Due to the difficulty and computationally expensiveness of experimentation and simulation techniques at atomistic levels (e.g., molecular dynamic simulation), many scientists and researchers tended the continuum mechanics modeling as an alternative. However, the classical continuum mechanics approaches do not the ability for interpretation and explanation of the microstructural dependency of small-sized structures due to the lack of any additional (intrinsic) material length scale parameters. Then, higher-order (nonclassical) continuum theories, which include at least one additional material length scale parameter in addition to classical ones, have been proposed to predict the microstructure-dependent behavior of these small-scale structures.

Higher-order continuum theories include Cosserat elasticity by Cosserat and Cosserat (1909), strain gradient elasticity of Mindlin (1964,1965), micropolar theory (Eringen and Suhubi 1964), nonlocal elasticity (Eringen 1983), couple stress theory by Mindlin and Tiersten (1962), Toupin (1962), and Koiter (1964), strain gradient theory (Fleck and Hutchinson 1993), simple gradient elasticity with surface energy (Vardoulakis and Sulem 1995; Altan et al. 1996; Altan and Aifantis 1997), modified couple stress (Yang et al. 2002), and modified strain gradient theories (Lam et al. 2003). Some earlier studies based on these theories available in the literature have been briefly given here.

Peddieson et al. (2003) formulated a nonlocal Bernoulli-Euler beam model with nonlocal elasticity theory. Also, Reddy (2007a) investigated bending, buckling, and free vibration analysis of nonlocal beams for different beam theories. Wang et al. (2008) studied bending problem of micro- and nano-sized beams based on nonlocal Timoshenko beam theory. Aydogdu (2009) investigated the small-scale effect on longitudinal vibration of a nanorod on the basis of Eringen’s nonlocal elasticity theory.

The classical couple stress theory has been used to investigate the bending analysis of a circular cylinder by Anthoine (2000). Tsepoura et al. (2002) investigated static and dynamic analysis of bars based on simple gradient elasticity theory with surface energy. Papargyri-Beskou et al. (2003a) and Lazopoulos (2012) observed dynamic analysis of gradient elastic beams. Bending and buckling analysis of gradient elastic beams is studied on the basis of Bernoulli-Euler beam model by Papargyri-Beskou et al. (2003b) and Lazopoulos and Lazopoulos (2010).

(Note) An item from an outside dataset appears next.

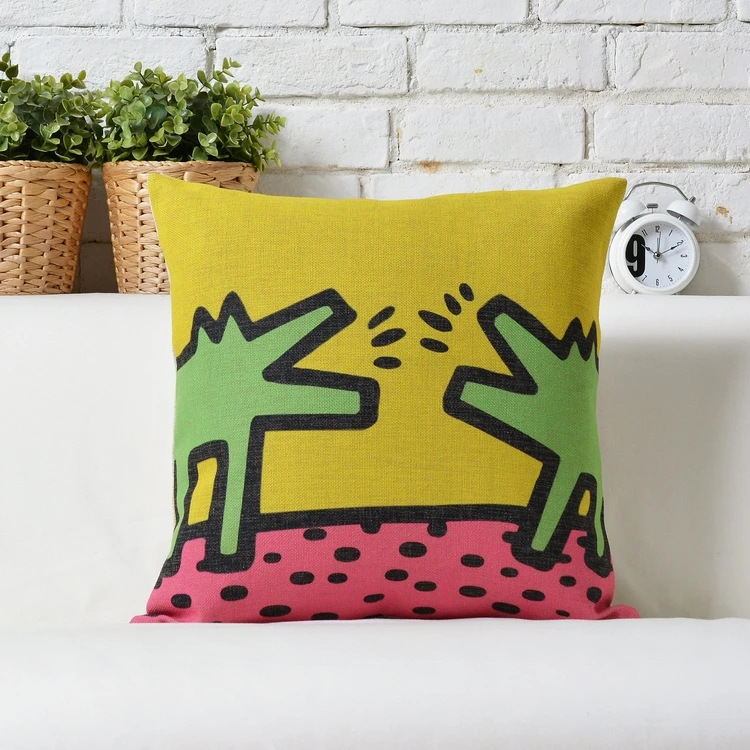 Keith Haring Американский граффити художника подушка Массажер декоративные путешествия декоративные подушки украшения для дома популярные Поп-арт живопись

Modified couple stress theory is a higher-order continuum theory that has been elaborated by Yang et al. (2002) which contains the symmetric rotation gradient tensor and one additional material length scale parameter in addition to the conventional (classical) strain tensor. Park and Gao (2006) and Ma et al. (2008) developed new size-dependent Bernoulli-Euler and Timoshenko beam models, respectively. Kong et al. (2008) investigated free vibration analysis of the Bernoulli-Euler microbeam model based on this theory.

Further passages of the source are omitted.